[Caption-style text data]
╭──
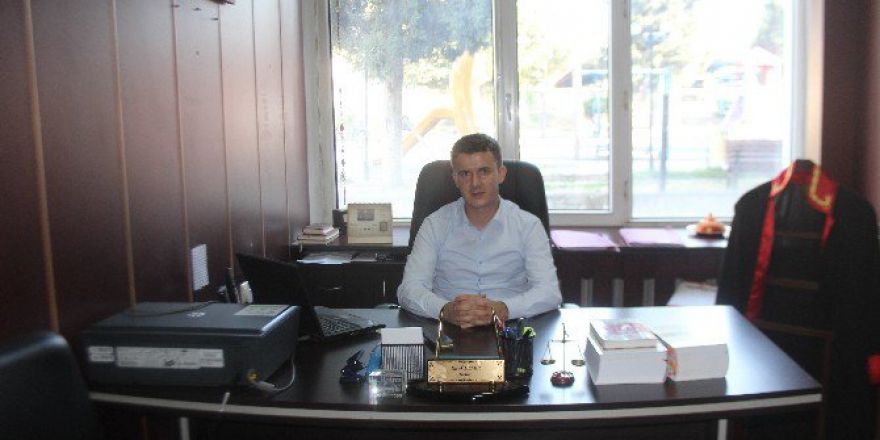 Osmaneli Adliyesi’ne Yeni Atanan Hakim Demir Göreve Başladı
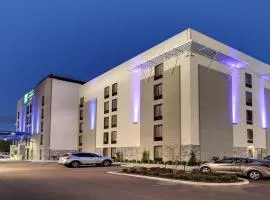 Holiday Inn Express & Suites Jackson Downtown - Coliseum, an IHG Hotel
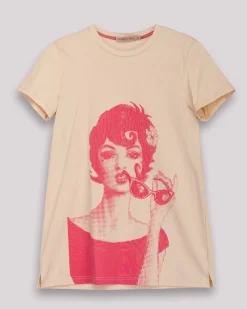 Camiseta Ilustrada Beige Dolores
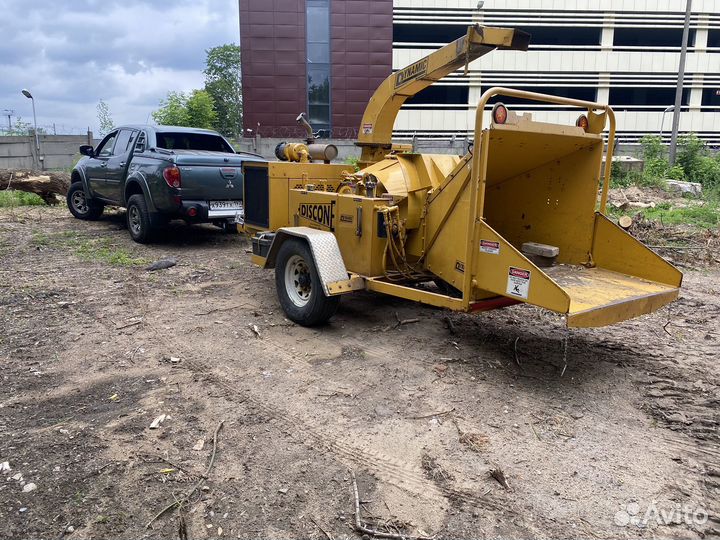 Дробилка деревьев. Измельчитель стволов и веток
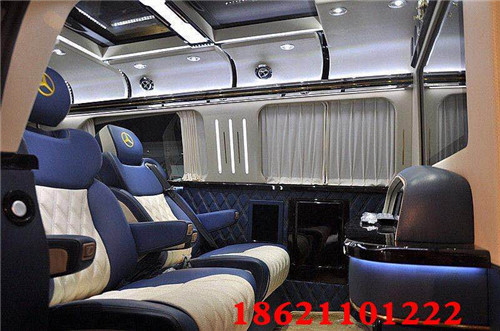 奔驰威霆水晶宝座5.0灰色,库存16款奔驰威霆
╰──
● Work instruction
Copy out the entries exactly as they stand, omitting the images.

● Response to this exercise
 Osmaneli Adliyesi’ne Yeni Atanan Hakim Demir Göreve Başladı
 Holiday Inn Express & Suites Jackson Downtown - Coliseum, an IHG Hotel
 Camiseta Ilustrada Beige Dolores
 Дробилка деревьев. Измельчитель стволов и веток
 奔驰威霆水晶宝座5.0灰色,库存16款奔驰威霆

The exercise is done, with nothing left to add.